WHAT YOU HAVE TO DO – Please output the line containing "Photo 1 of Single" and all lines that follow it in the data below, exactly, with no pictures.

==============================

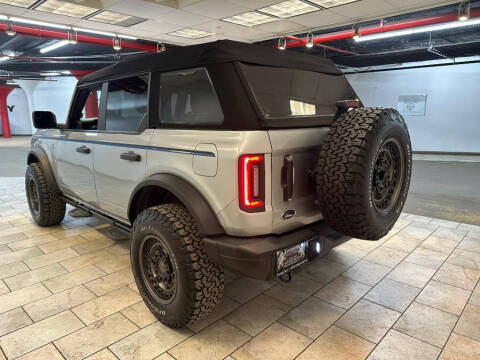 2022 Ford Bronco Black Diamond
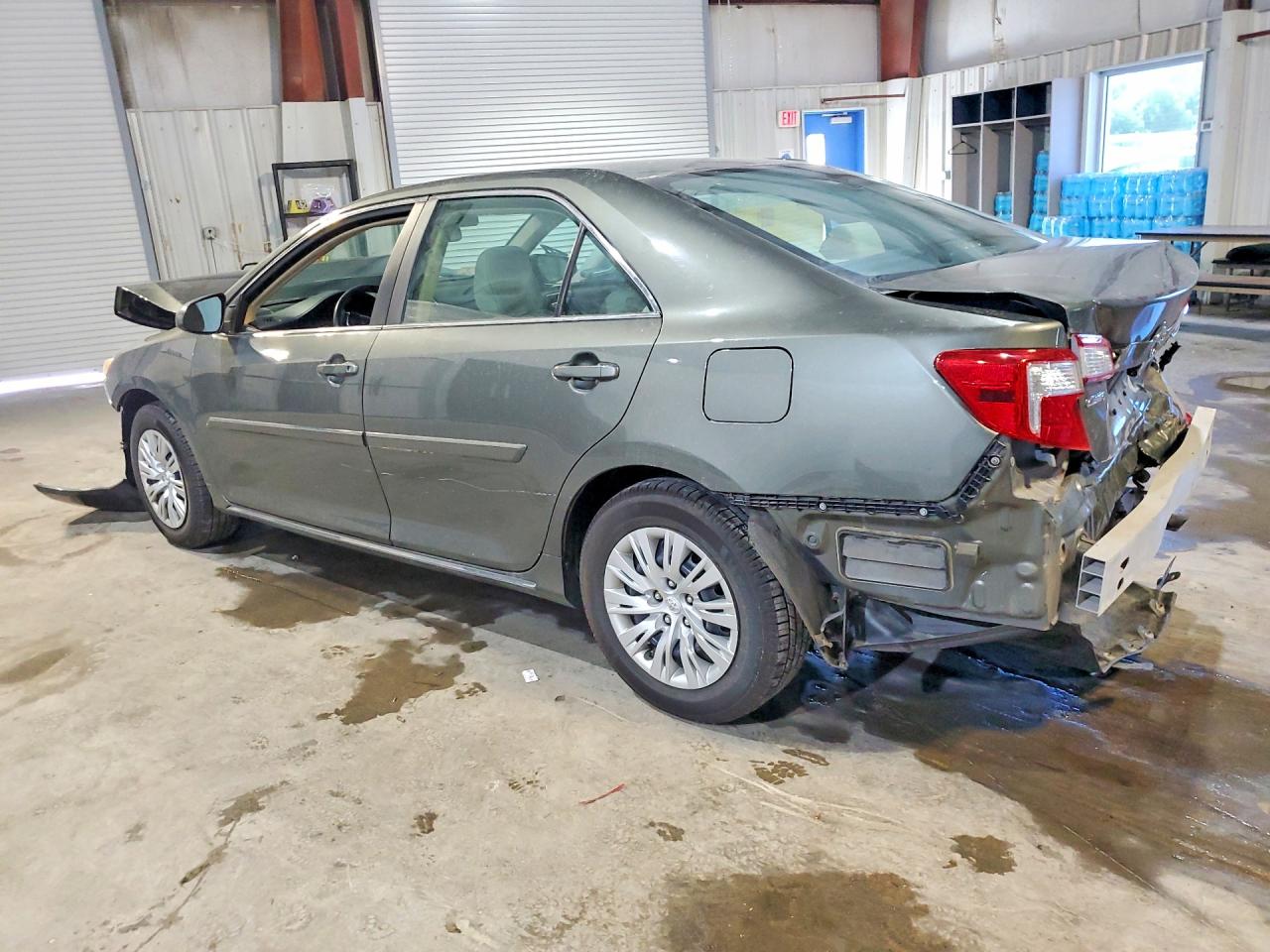 2014 Toyota Camry Le Зеленый vin: 4T4BF1FK6ER358937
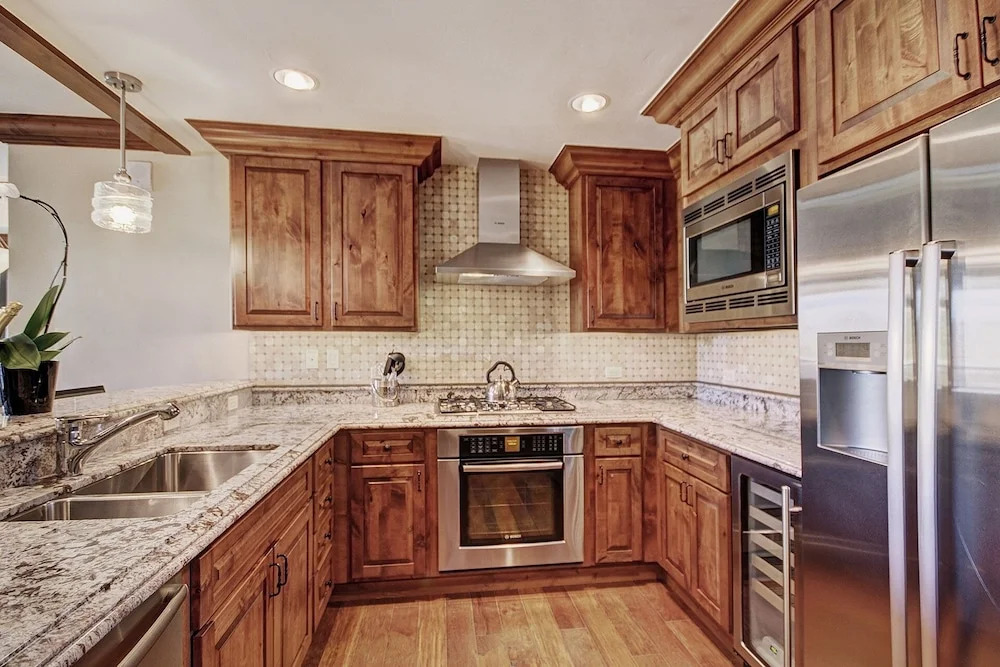 Chic 2 BR+Den Ritz-Carlton Condo with Valley Views by RedAwning - Save 20% on 7+ Nights!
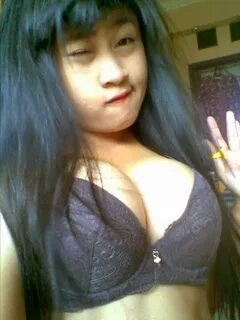 ABG Toket Gede Cewek Bispak Biasa Kumpul di Warkop Hot.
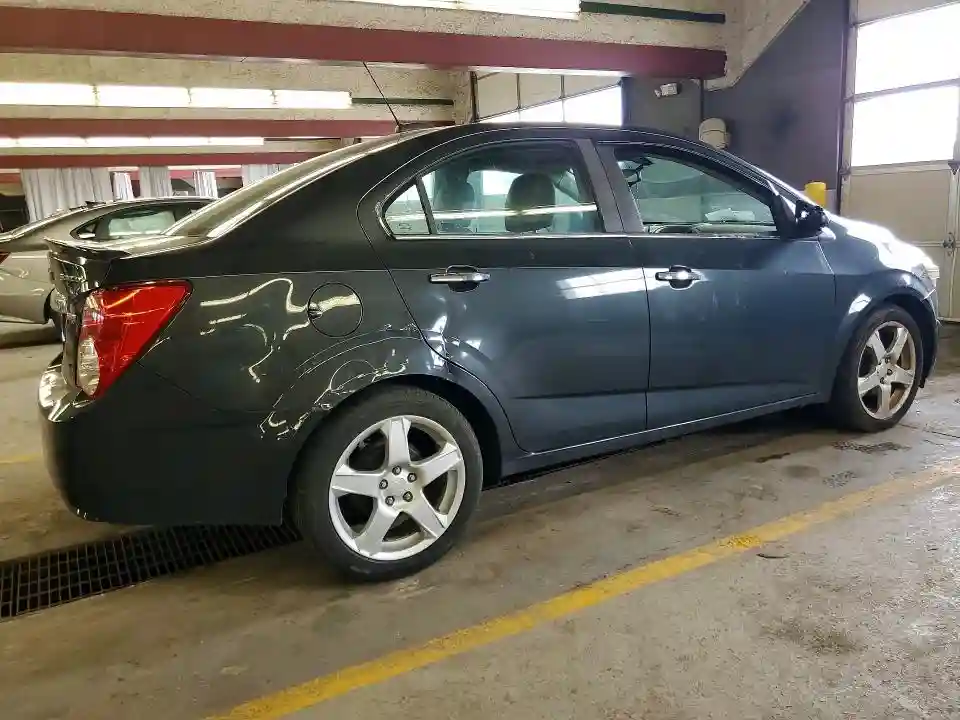 1G1JE5SBXF4197223 2015 CHEVROLET SONIC-2
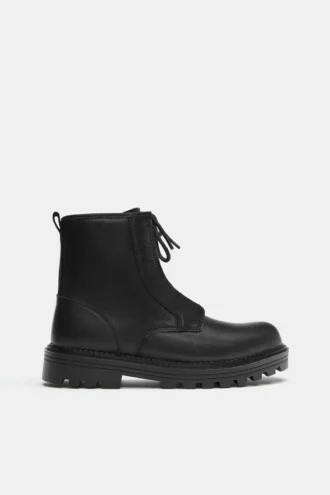 Schnürstiefel aus Leder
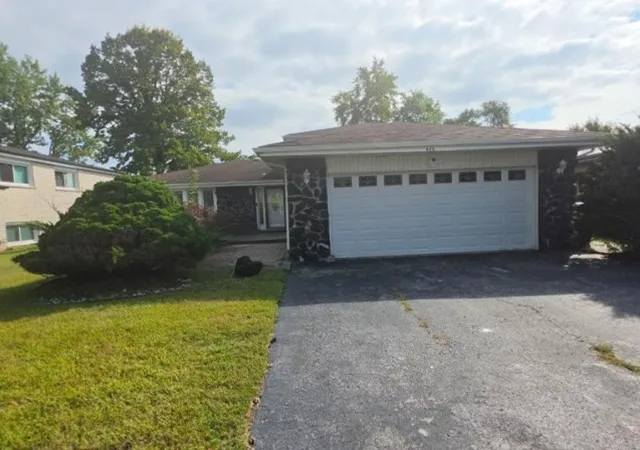 Photo 1 of Single family home for sale at 625 E 173rd Street, South Holland, IL 60473 | MLS# 12780491 | Listing updated on 2026-10-08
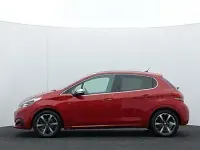 Used Peugeot 208 82 HP (60 kW) 2019 Red Hatchback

==============================

OUTPUT OF THE EXERCISE –
 Photo 1 of Single family home for sale at 625 E 173rd Street, South Holland, IL 60473 | MLS# 12780491 | Listing updated on 2026-10-08
 Used Peugeot 208 82 HP (60 kW) 2019 Red Hatchback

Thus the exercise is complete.